Correctness: In Table 1, baseline methods are thresholded at a 95% TPR, while the proposed method and its variants are claimed to be threshold-agnostic: From section 3.3 it appears that the threshold is manually set to be 0.5, so they are not really threshold agnostic. It feels likely to me that there might be situations where picking thresholds with different criteria for comparative methods might lead to an unfair assessment. I’d recommend picking an OOD-detection threshold (on the maximum softmax values for class 1 across all tasks, for example) also at 95% TPR for a more even comparison. The experiment in Section 4.4 feels a bit anecdotal due to the particular example studied. Appendix D studies the effect of the adversarial adaptation, and while the text says random-(ini)-OOD outperforms random-OOD, the table seems to show the opposite trend (a typo perhaps?), which would indicate the adversarial adaptation did not help. In any case, aggregate numbers in the actual setting might be nice, with the meta-learned initialisations instead of random initialisations. It might also be useful to visualise the fake samples learned by the meta-training process, as well as the adversarially-perturbed ones. Do the authors suspect a particular reason for why performance goes down upon increasing the number of negative samples (M = 3 to 5) in Table 1 for miniImagenet (and to some small extent, for CIFAR-FS)? How were hyper-parameters picked for the various methods? From the Appendix it appears that validation sets were not used. While these are probably true, I’d be cautious about claiming them without some evidence: L45: "the algorithms in previous studies would not perform well under few-shot settings.” L61:"meta-learning algorithms, including MAML, would generate trivial classifiers that predict all the examples as in-distribution examples.” ---------------------- Post-rebuttal -------------------- Thanks for the responses to my comments. I'm happy with the updates.

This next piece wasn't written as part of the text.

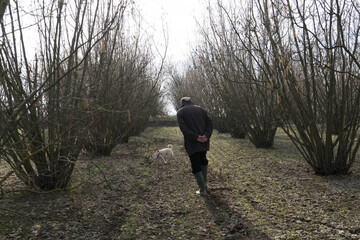 A young truffle dog in a hazel grove of the Langhe, Piedmony - Italy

Clarity: While the writing could probably be improved to make the method clearer, it wasn’t particularly difficult for me to follow. Here are some typos/suggestions: L31: “K-show” -> “K-shot” L142: “examples” -> “example” L173: “If then,” -> “If so,”/“Then” L267: “few-show”->”few-shot”

Relation to Prior Work: To my knowledge, prior work is adequately discussed

Reproducibility: Yes

Additional Feedback:

Review 2

Summary and Contributions: This work introduces a novel and challenging setting: few-shot learning for open-set. The authors propose an optimization-based method along with a data generation strategy to handle this task.

Strengths: This work introduces a challenging few-shot setting, which is rarely explored in previous works. The method introduced in this work is optimization-based and the data generation strategy can actually help to improve the performance for this task.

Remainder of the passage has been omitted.